Two Paths, Same Destination

Rhino users export .3dm files, which are ingested via ingest_cad.py. Attributes are set per-object using Rhino's SetUserText command.
ArcGIS Pro users export .geojson files directly. Attributes are columns in the feature class attribute table. Both routes produce the same pipeline-ready GeoJSON.

Rhino .3dm ingest_cad.py GeoJSON Pipeline
ArcGIS Pro Features to JSON GeoJSON Pipeline

02Quick Reference: What to Produce

Every feature you create falls into one of three categories. Each has a required geometry type and a small set of required attributes. Both measure_type and measure_name are automatically determinedmeasure_type from the Rhino layer name, and measure_name as a sequential label (e.g., levee_1, levee_2) if not set via SetUserText or Rhino object name.

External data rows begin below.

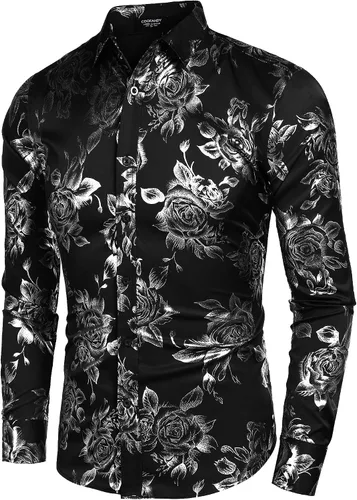 Vista 3 de COOFANDY Camisa de botones con estampado de flores de lujo para hombre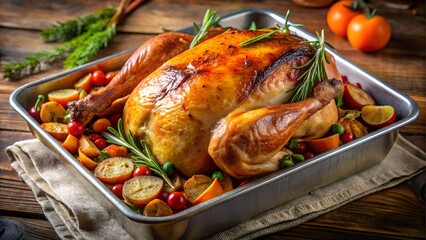 Roasted chicken in a pan with vegetables and herbs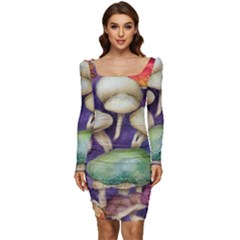 A Fantasy Women Long Sleeve Ruched Stretch Jersey Dress by GardenOfOphir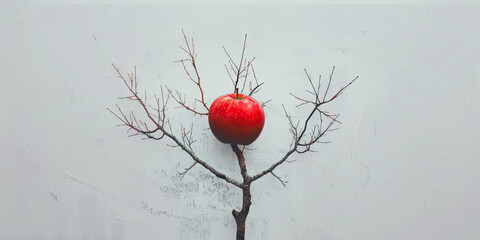 The Red Apple Tree: A single, vibrant red apple sits at the center of an empty, white background, its branches stretching out in all directions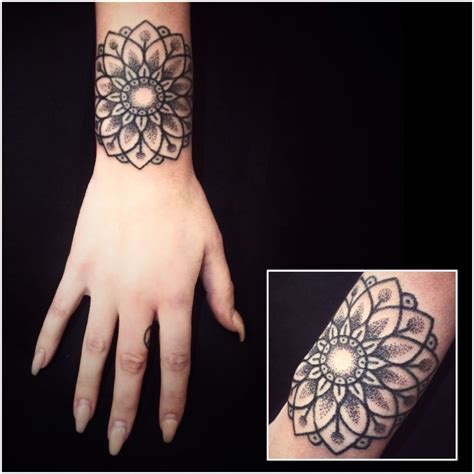 Mandala tattoo meaning and symbolism: ROADMAPS FOR THE SOUL | Small wrist mandala handpoked today at Íslenzka... (With images) | Wrist ...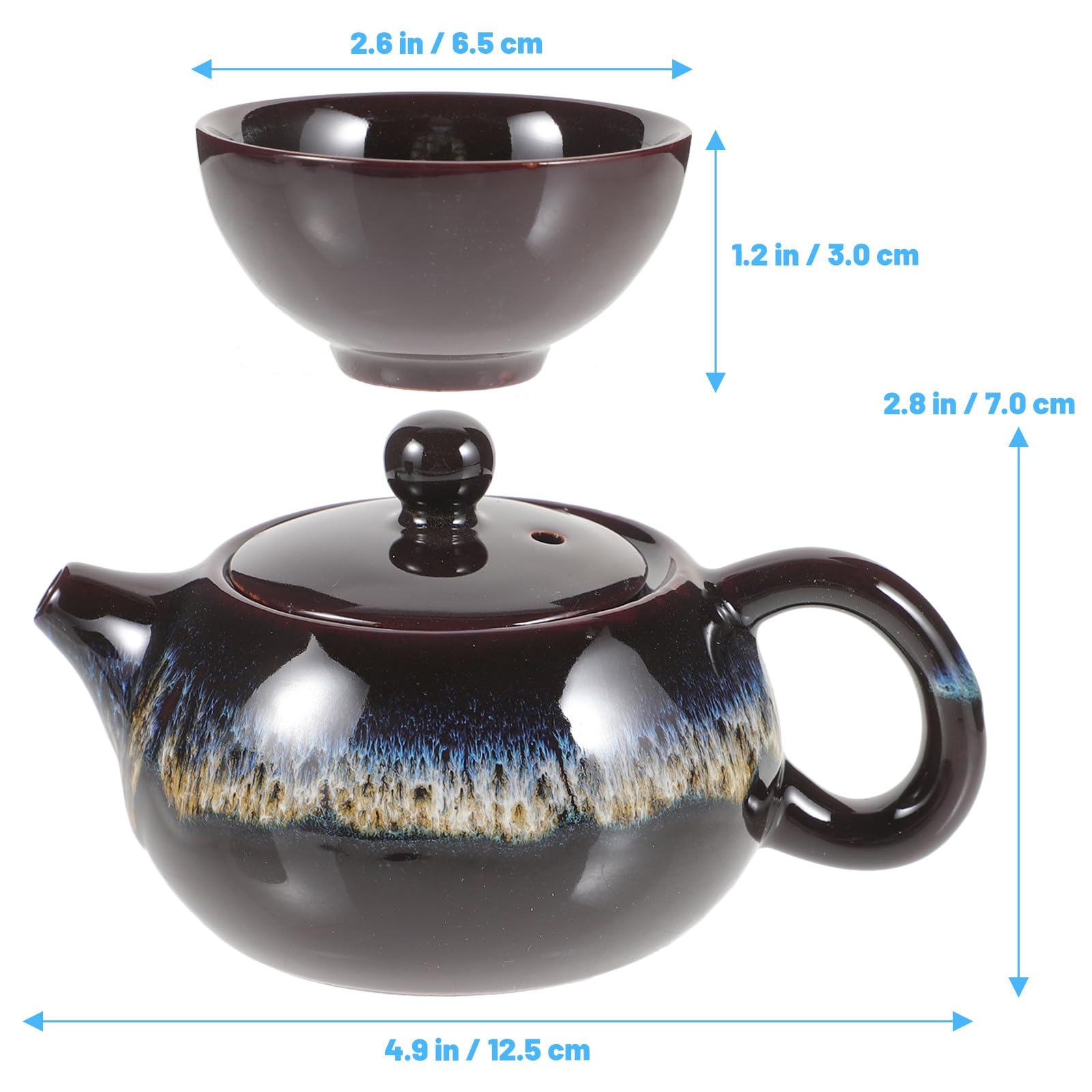 LABRIMP Service à Thé en Céramique Set Complet 5 Pièces avec Théière et Tasses, Design Élégant et Portable Unique et Pratique pour ou Bureau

The table below shows the attributes you should provide, along with default values that apply if you don't override them.

CategoryMeasure TypeGeometryFlood-Relevant AttributesOptional AttributesDefaults (if not set)
Barriers levee LineString crest_elevation_m, width_m measure_name, scenario, scenario_label measure_name: levee_1, …; crest_elevation_m: 3.5; width_m: 2.0
seawall LineString crest_elevation_m, width_m measure_name, scenario, scenario_label measure_name: seawall_1, …; crest_elevation_m: 3.5; width_m: 2.0
gate LineString crest_elevation_m measure_name, scenario, scenario_label measure_name: gate_1, …; crest_elevation_m: 3.5
platform Polygon crest_elevation_m, width_m measure_name, scenario, scenario_label measure_name: levee_1, …; crest_elevation_m: 4.064 (13′4″); width_m: 0
Stormwater pump Point capacity_cms measure_name, invert_elev_m measure_name: pump_1, …; capacity_cms: 5.0
culvert Polyline capacity_cms measure_name measure_name: culvert_1, …; capacity_cms: 2.0
retention Polygon capacity_m3, infiltration_rate_mm_hr measure_name, outlet_elev_m measure_name: retention_1, …; capacity_m3: 10,000; infiltration_rate_mm_hr: 5.0
green_infra Polygon retention_pct measure_name measure_name: green_infra_1, …; retention_pct: 0.25
Buildings custom building Polygon ground_elevation_m, first_floor_height_m, replacement_value_usd use_category, height_m use_category: miscellaneous; ground_elevation_m: from DEM; first_floor_height_m: by use_category; height_m: 9.0
Rule of Thumb

Linear features (barriers, walls, gates) → open polylines / LineStrings.
Area features (basins, green infra, buildings, platforms) → closed polylines / Polygons.
Point features (pump stations) → single points.

03Rhino Workflow

Layer Setup

Organize your Rhino model using the layer names below. The ingestion script maps each layer to a pipeline target directory. Layer names are case-insensitive and spaces are treated as underscores. Any layer not in this list is skipped with a warning.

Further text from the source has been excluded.